When I try to add my isolated GPU to the VM in the VM config, I get this error:

 Error: Traceback (most recent call last):
  File "/usr/lib/python3/dist-packages/middlewared/main.py", line 198, in call_method
    result = await self.middleware.call_with_audit(message['method'], serviceobj, methodobj, params, self)
             ^^^^^^^^^^^^^^^^^^^^^^^^^^^^^^^^^^^^^^^^^^^^^^^^^^^^^^^^^^^^^^^^^^^^^^^^^^^^^^^^^^^^^^^^^^^^^
  File "/usr/lib/python3/dist-packages/middlewared/main.py", line 1466, in call_with_audit
    result = await self._call(method, serviceobj, methodobj, params, app=app,
             ^^^^^^^^^^^^^^^^^^^^^^^^^^^^^^^^^^^^^^^^^^^^^^^^^^^^^^^^^^^^^^^^
  File "/usr/lib/python3/dist-packages/middlewared/main.py", line 1417, in _call
    return await methodobj(*prepared_call.args)
           ^^^^^^^^^^^^^^^^^^^^^^^^^^^^^^^^^^^^
  File "/usr/lib/python3/dist-packages/middlewared/schema/processor.py", line 187, in nf
    return await func(*args, **kwargs)
           ^^^^^^^^^^^^^^^^^^^^^^^^^^^
  File "/usr/lib/python3/dist-packages/middlewared/schema/processor.py", line 47, in nf
    res = await f(*args, **kwargs)
          ^^^^^^^^^^^^^^^^^^^^^^^^
  File "/usr/lib/python3/dist-packages/middlewared/plugins/system_advanced/gpu.py", line 44, in update_gpu_pci_ids
    verrors.check()
  File "/usr/lib/python3/dist-packages/middlewared/service_exception.py", line 70, in check
    raise self
middlewared.service_exception.ValidationErrors: [EINVAL] gpu_settings.isolated_gpu_pci_ids: pci_0000_01_00_1, pci_0000_00_01_0, pci_0000_01_00_0 GPU pci slot(s) are not available or a GPU is not configured.

Anybody any idea?

2 Likes

odd, seems to have fixed itself after another reboot of the server.

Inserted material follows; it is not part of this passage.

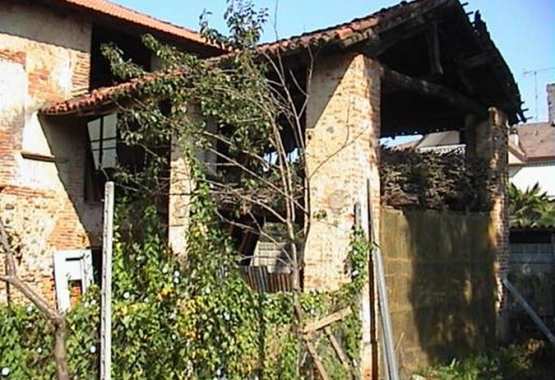 Ristrutturazione cascinale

and it’s broken again after a reboot :frowning:

I am having a similar issue since 24.04.0, with an Nvidia T1000 and a GTX 1650.

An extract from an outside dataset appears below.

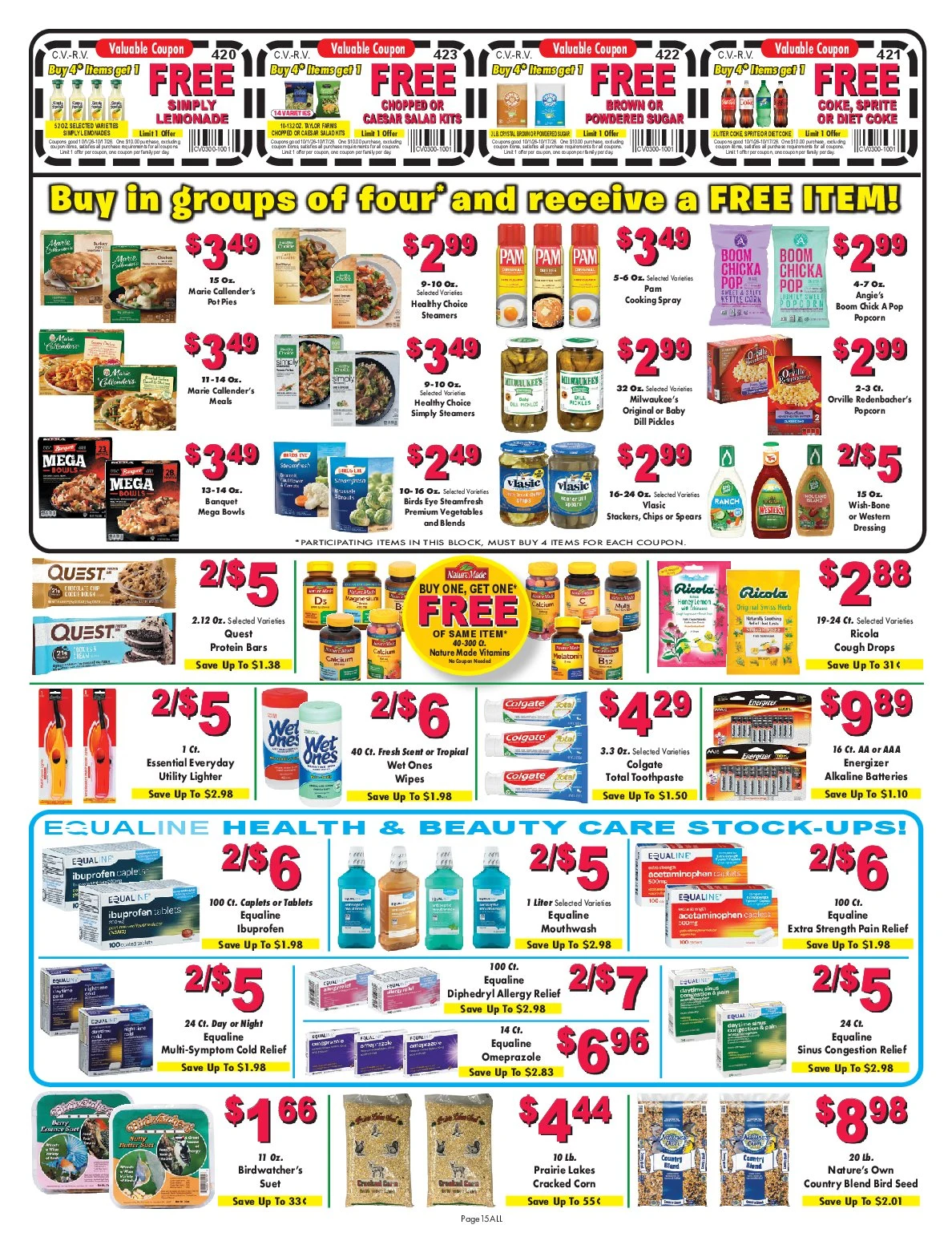 Super One Foods Weekly Ad - Page 19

Trying to start the vps hangs and any attempt to check its status or restart again gives the error that the vps is currently paused and must be stopped first.

I have been having a similar issue. When I pass my Arc 380 to my VM in the device list and boot the vm the whole server crashes. I haven’t been able to figure out why the isolated gpu device is being used by truenas if it’s clearly been isolated already. The VM attempts to start but then my fans go crazy and server is inoperable. Can’t connect through shell or otherwise.